──────── Information given

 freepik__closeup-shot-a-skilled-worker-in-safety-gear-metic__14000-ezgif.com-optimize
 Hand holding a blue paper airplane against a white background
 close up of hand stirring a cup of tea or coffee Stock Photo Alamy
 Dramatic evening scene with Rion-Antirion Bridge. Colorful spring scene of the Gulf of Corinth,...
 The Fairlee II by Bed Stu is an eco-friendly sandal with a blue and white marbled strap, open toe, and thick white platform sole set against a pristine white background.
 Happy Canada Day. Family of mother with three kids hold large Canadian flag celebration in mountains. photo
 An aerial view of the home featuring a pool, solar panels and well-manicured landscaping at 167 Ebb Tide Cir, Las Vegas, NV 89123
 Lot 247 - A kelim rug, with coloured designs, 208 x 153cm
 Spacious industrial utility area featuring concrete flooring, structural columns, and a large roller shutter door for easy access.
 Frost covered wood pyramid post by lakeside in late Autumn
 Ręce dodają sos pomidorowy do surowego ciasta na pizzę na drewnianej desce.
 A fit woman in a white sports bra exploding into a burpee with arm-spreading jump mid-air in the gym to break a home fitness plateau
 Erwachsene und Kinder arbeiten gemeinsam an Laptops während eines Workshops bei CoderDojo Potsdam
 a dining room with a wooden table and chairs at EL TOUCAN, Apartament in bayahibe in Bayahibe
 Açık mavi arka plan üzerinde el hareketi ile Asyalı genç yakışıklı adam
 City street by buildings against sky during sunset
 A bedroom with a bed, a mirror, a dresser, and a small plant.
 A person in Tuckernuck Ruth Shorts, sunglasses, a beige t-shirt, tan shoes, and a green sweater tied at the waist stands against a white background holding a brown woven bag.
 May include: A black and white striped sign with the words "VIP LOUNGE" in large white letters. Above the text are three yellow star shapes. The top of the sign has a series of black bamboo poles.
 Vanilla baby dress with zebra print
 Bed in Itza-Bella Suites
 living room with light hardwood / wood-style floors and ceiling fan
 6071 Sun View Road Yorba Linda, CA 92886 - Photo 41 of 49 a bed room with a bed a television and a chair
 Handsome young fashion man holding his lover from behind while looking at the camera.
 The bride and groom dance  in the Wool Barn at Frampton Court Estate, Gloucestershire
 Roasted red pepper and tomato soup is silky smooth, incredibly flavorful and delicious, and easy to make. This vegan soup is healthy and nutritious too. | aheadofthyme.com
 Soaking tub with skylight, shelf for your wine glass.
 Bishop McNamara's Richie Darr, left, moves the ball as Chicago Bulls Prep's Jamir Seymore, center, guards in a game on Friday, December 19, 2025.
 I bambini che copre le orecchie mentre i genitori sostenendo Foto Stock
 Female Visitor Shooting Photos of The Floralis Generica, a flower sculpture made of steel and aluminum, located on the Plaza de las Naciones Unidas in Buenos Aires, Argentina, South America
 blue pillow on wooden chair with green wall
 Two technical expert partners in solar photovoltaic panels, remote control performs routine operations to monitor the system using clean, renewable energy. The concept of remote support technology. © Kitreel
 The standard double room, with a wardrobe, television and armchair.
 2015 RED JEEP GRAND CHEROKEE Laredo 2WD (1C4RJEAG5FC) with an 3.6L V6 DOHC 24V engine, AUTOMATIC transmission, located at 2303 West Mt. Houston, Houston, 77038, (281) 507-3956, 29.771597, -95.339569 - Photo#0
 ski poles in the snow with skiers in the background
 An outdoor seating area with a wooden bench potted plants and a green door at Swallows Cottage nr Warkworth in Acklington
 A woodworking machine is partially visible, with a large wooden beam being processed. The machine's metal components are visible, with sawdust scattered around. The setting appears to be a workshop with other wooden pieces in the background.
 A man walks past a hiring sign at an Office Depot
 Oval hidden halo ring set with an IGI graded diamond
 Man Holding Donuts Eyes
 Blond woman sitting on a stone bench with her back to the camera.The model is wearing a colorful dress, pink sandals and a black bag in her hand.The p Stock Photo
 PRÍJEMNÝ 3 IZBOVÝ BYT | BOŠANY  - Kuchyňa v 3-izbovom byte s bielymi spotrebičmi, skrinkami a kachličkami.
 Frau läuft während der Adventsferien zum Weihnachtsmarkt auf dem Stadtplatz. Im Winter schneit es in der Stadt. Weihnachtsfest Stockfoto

────────────────

Work instructions.
Look above and repeat, character for character, the lines from the first one to the line with "Dramatic evening scene", counting both.

The completed task.
 freepik__closeup-shot-a-skilled-worker-in-safety-gear-metic__14000-ezgif.com-optimize
 Hand holding a blue paper airplane against a white background
 close up of hand stirring a cup of tea or coffee Stock Photo Alamy
 Dramatic evening scene with Rion-Antirion Bridge. Colorful spring scene of the Gulf of Corinth,...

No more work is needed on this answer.